| Required action |
Instruction for the entries below: return the part that opens with the line containing "Ilustracja przedstawia fragment" and closes with the line containing "carpeted spare room with crown molding", exactly, and no pictures.

| Available data |
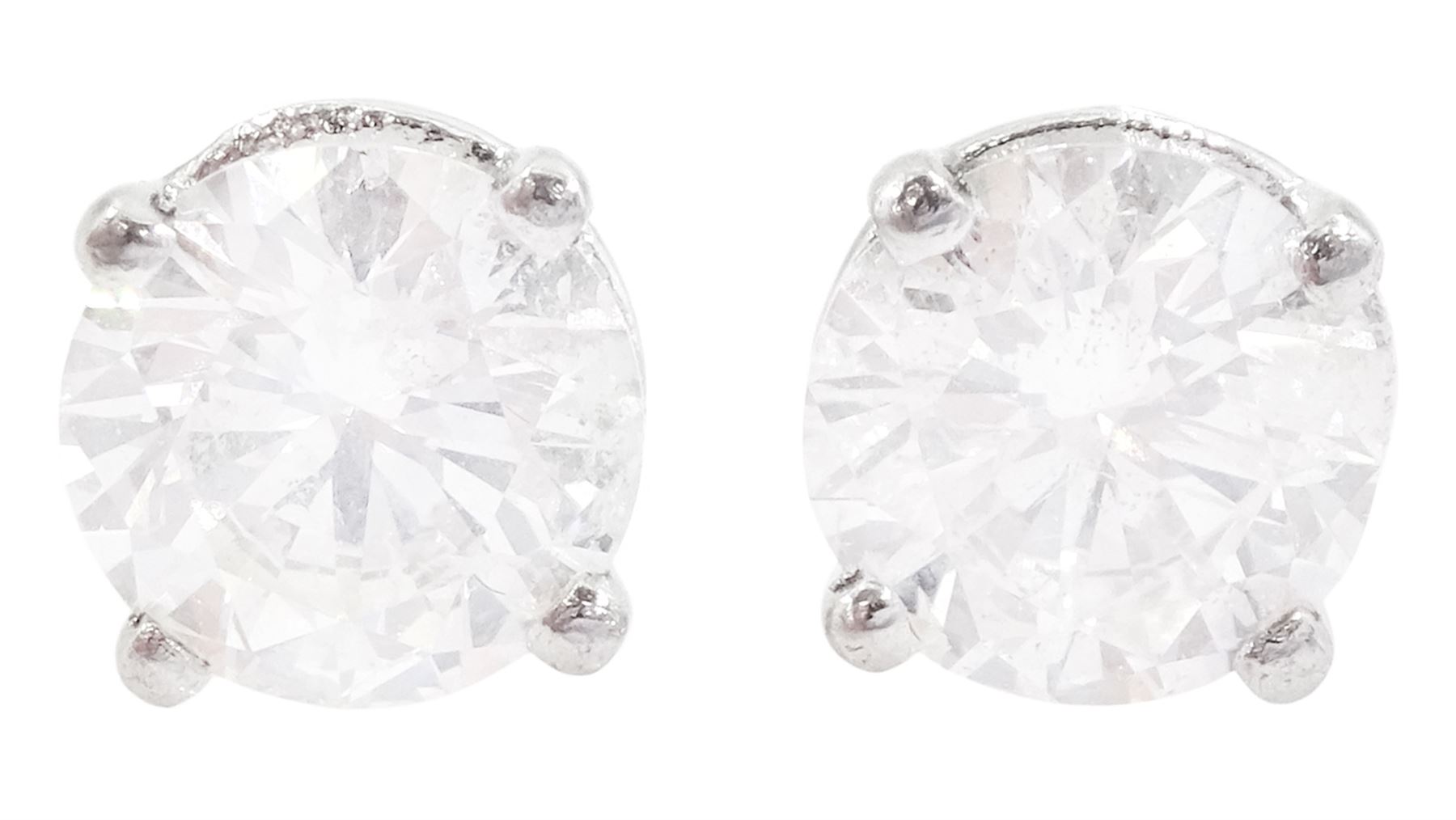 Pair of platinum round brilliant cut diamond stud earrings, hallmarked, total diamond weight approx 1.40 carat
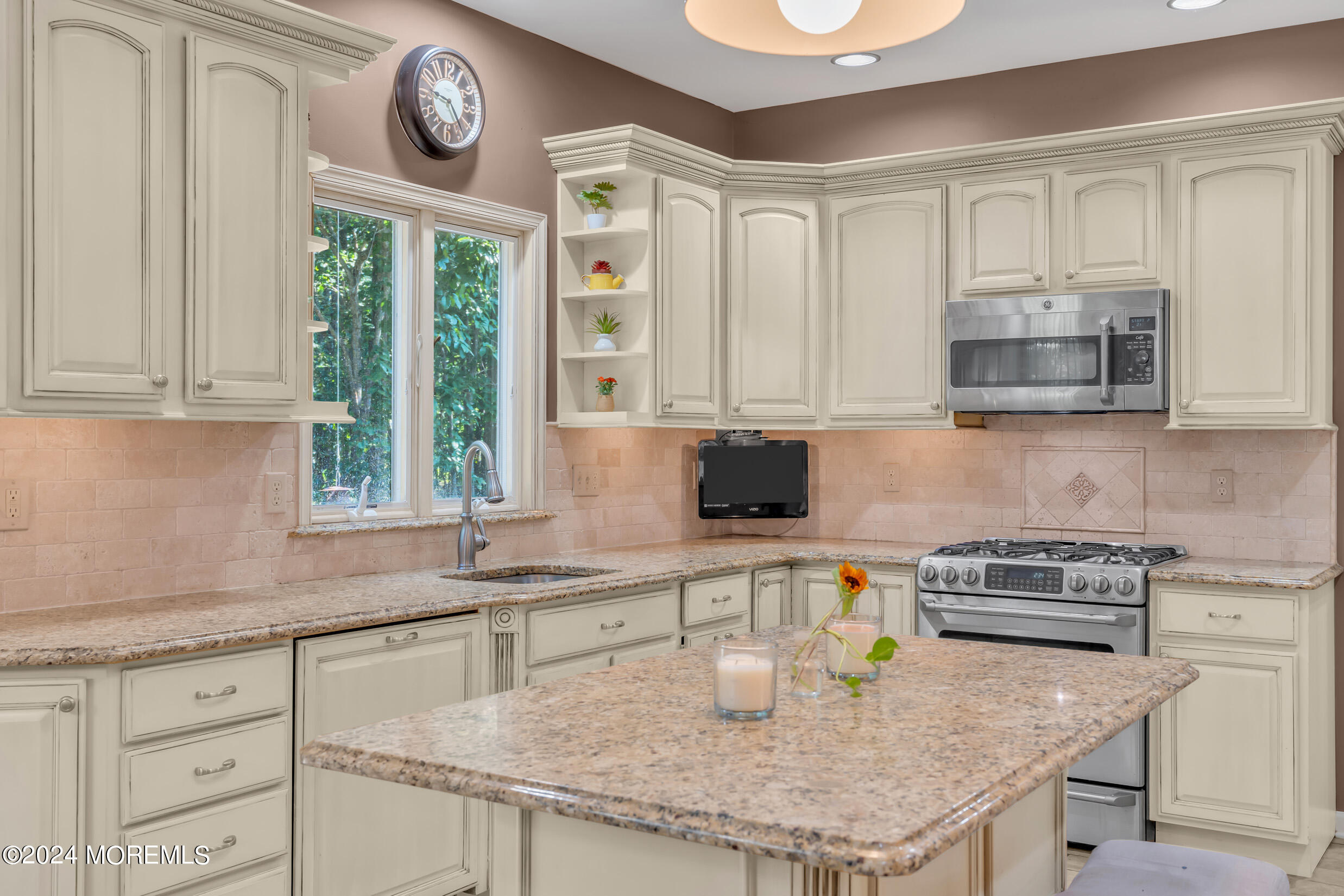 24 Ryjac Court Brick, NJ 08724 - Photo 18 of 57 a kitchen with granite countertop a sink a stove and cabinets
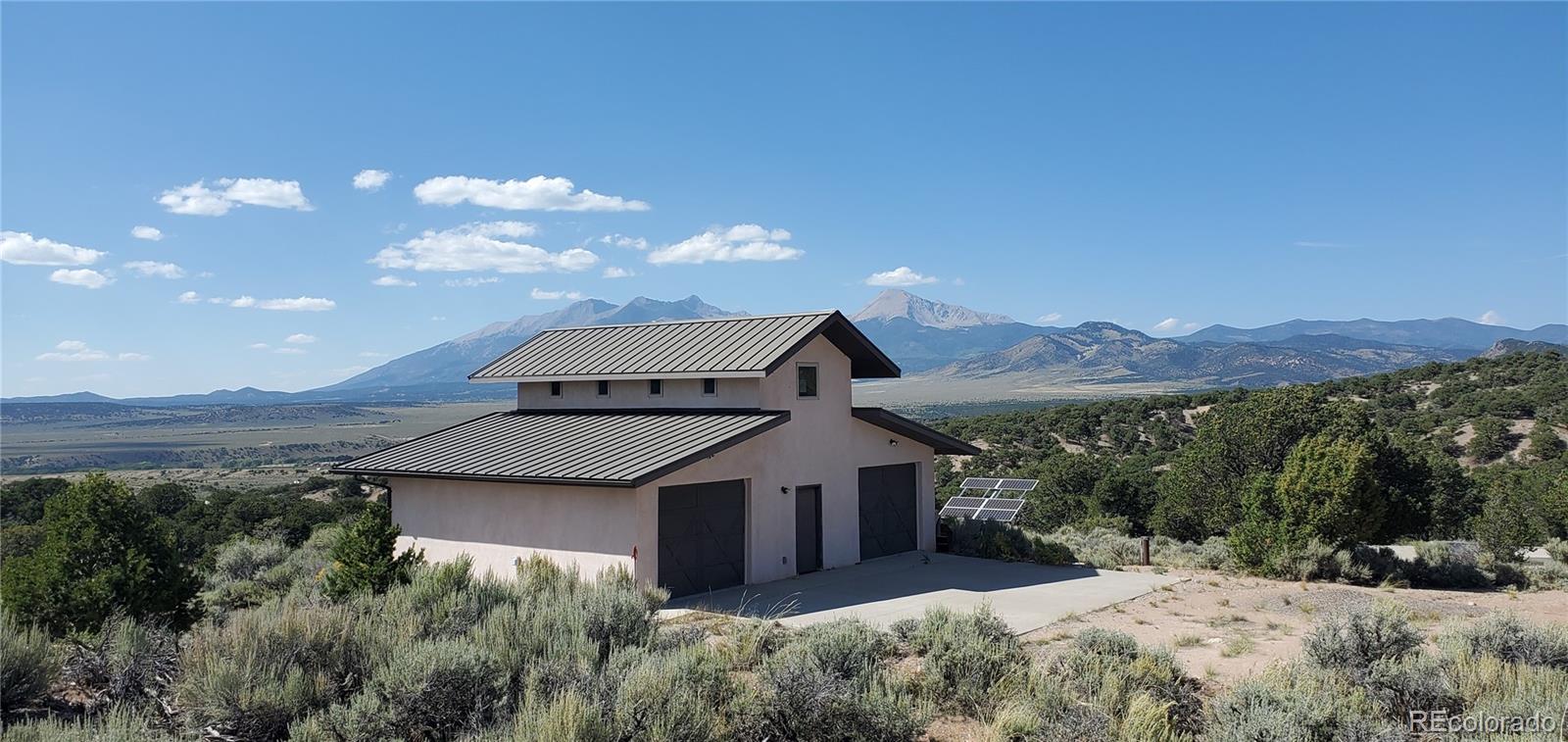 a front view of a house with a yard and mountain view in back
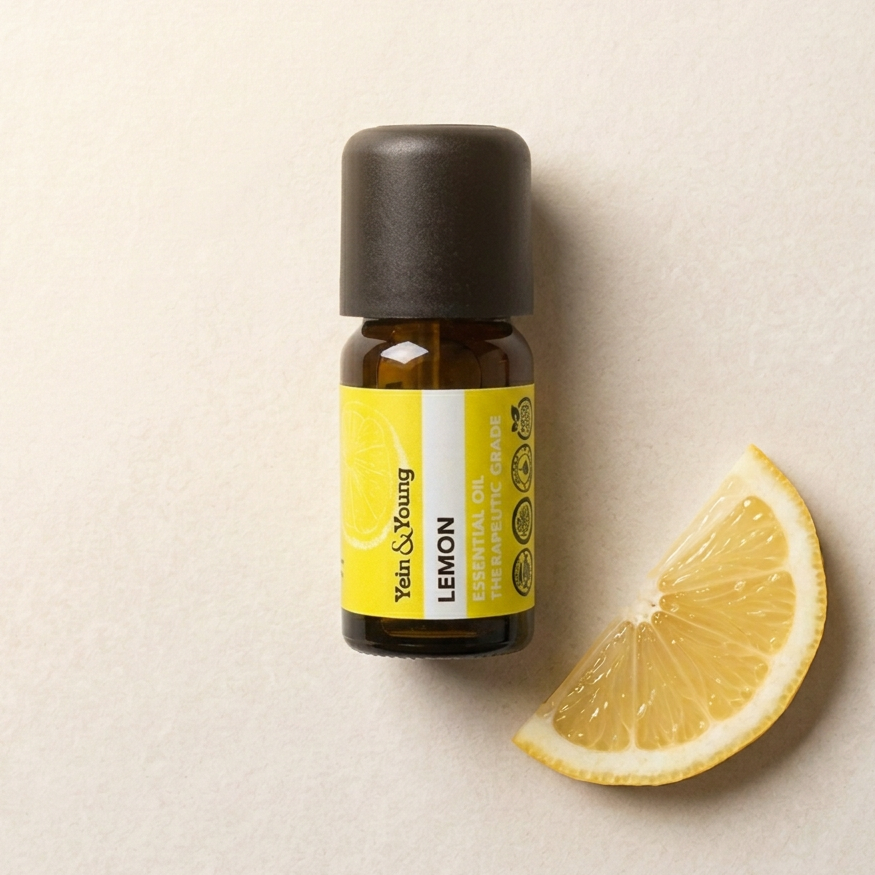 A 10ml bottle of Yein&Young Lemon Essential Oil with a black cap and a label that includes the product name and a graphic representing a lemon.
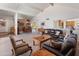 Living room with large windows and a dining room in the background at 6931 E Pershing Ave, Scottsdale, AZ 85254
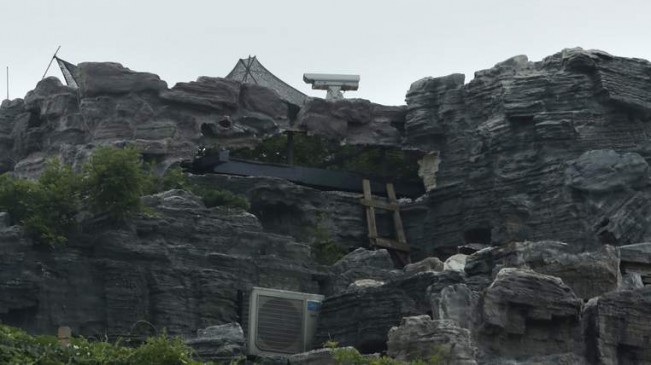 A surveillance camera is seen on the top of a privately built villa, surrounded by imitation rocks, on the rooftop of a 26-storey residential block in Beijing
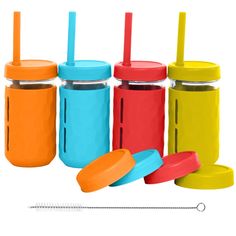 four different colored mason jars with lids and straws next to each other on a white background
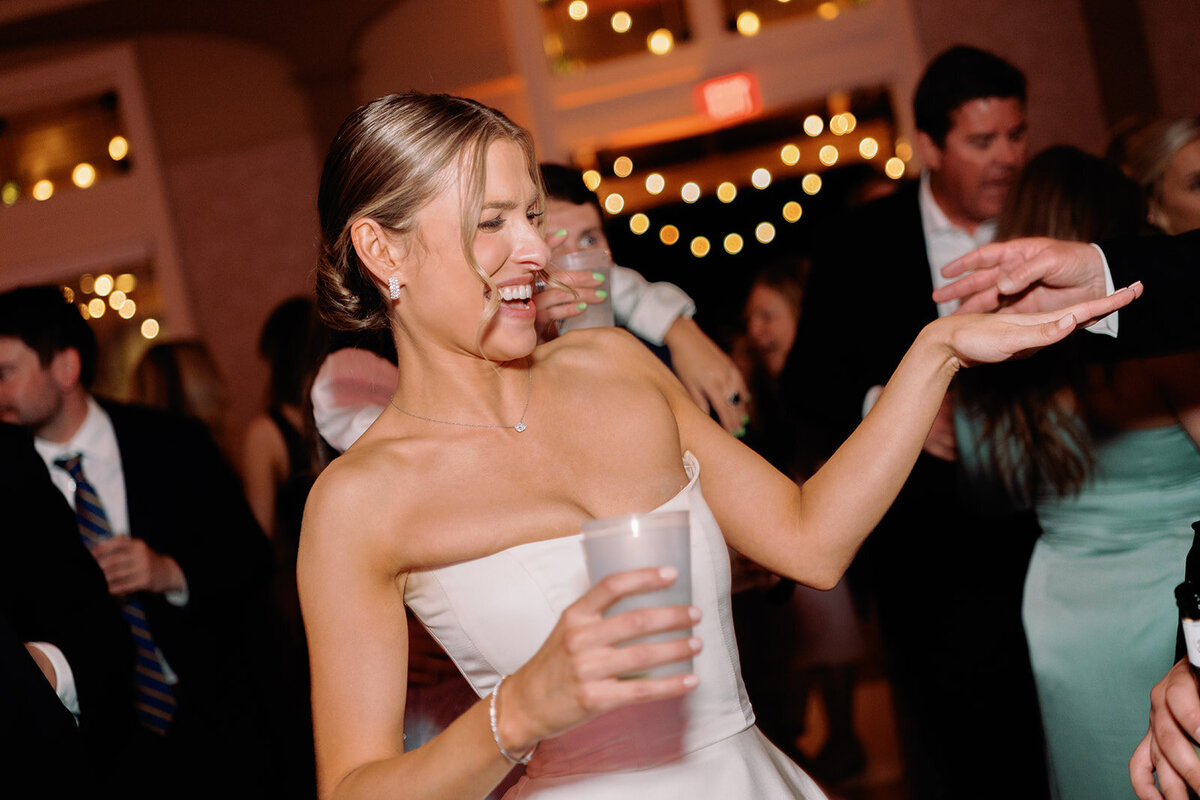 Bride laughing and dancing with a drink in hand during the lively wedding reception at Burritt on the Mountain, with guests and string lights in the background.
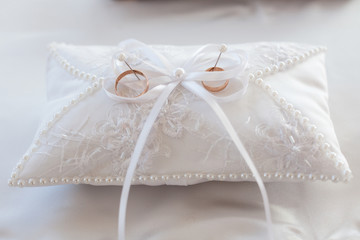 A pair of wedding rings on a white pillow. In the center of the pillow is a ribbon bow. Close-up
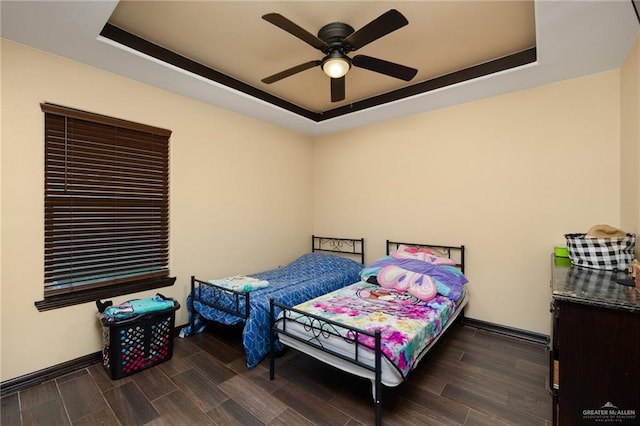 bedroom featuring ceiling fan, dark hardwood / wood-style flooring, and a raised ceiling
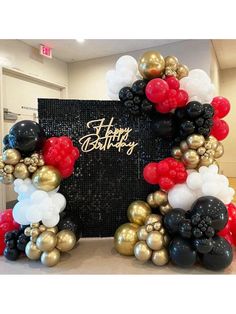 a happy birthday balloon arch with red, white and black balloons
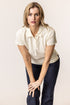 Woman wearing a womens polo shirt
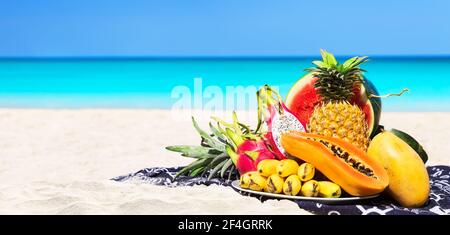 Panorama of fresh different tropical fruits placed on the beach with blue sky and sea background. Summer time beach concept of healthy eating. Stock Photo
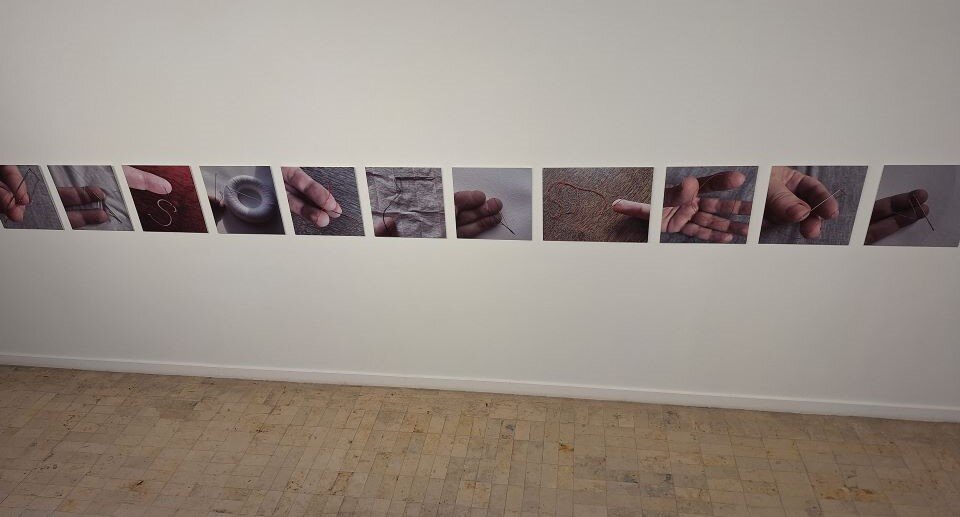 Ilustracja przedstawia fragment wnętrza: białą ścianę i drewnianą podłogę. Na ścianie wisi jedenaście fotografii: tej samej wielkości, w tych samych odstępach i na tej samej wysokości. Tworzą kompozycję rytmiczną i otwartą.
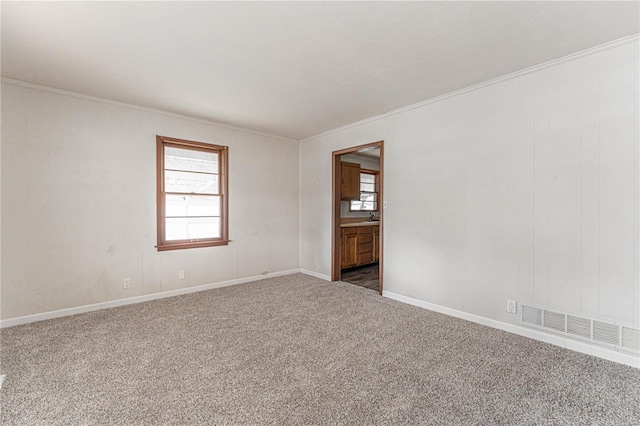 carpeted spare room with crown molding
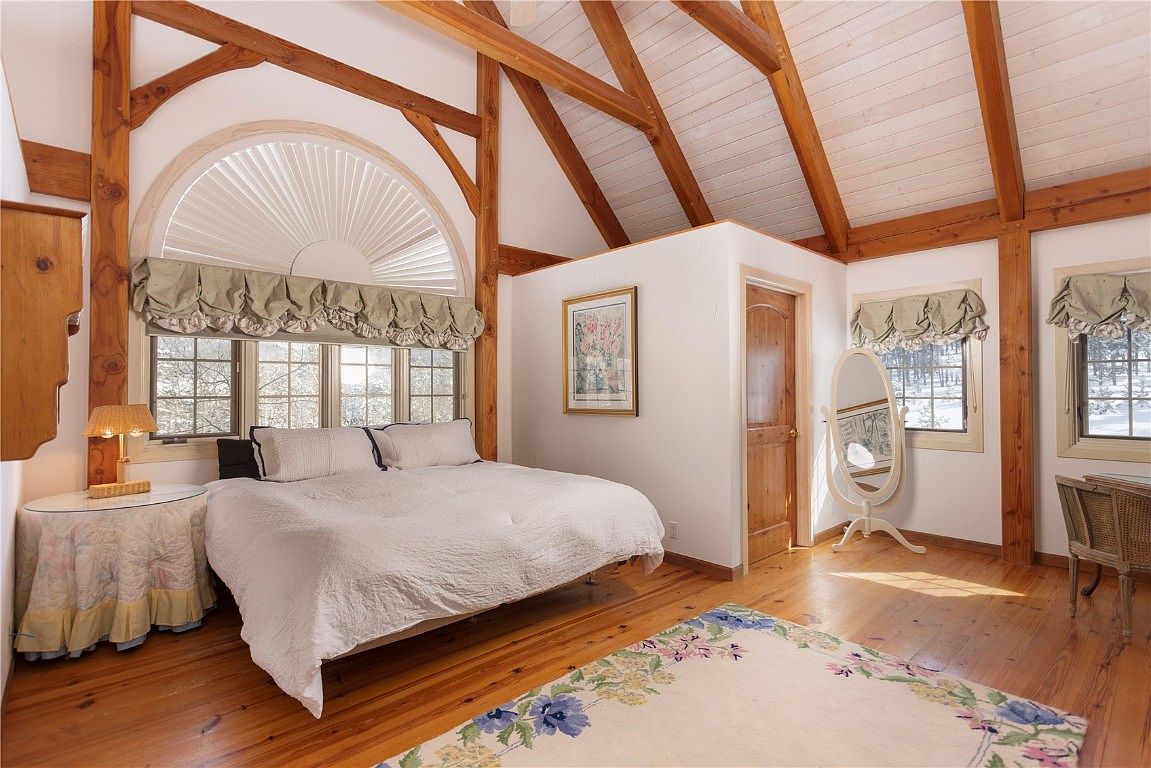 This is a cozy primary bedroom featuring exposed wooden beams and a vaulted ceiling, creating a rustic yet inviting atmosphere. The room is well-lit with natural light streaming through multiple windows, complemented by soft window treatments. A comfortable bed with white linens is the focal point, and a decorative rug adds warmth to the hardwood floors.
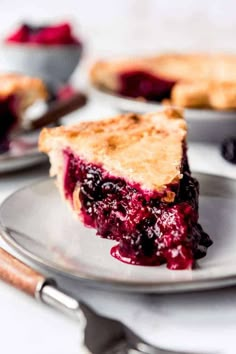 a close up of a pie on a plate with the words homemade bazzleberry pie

| Reply to the task |
 Ilustracja przedstawia fragment wnętrza: białą ścianę i drewnianą podłogę. Na ścianie wisi jedenaście fotografii: tej samej wielkości, w tych samych odstępach i na tej samej wysokości. Tworzą kompozycję rytmiczną i otwartą.
 carpeted spare room with crown molding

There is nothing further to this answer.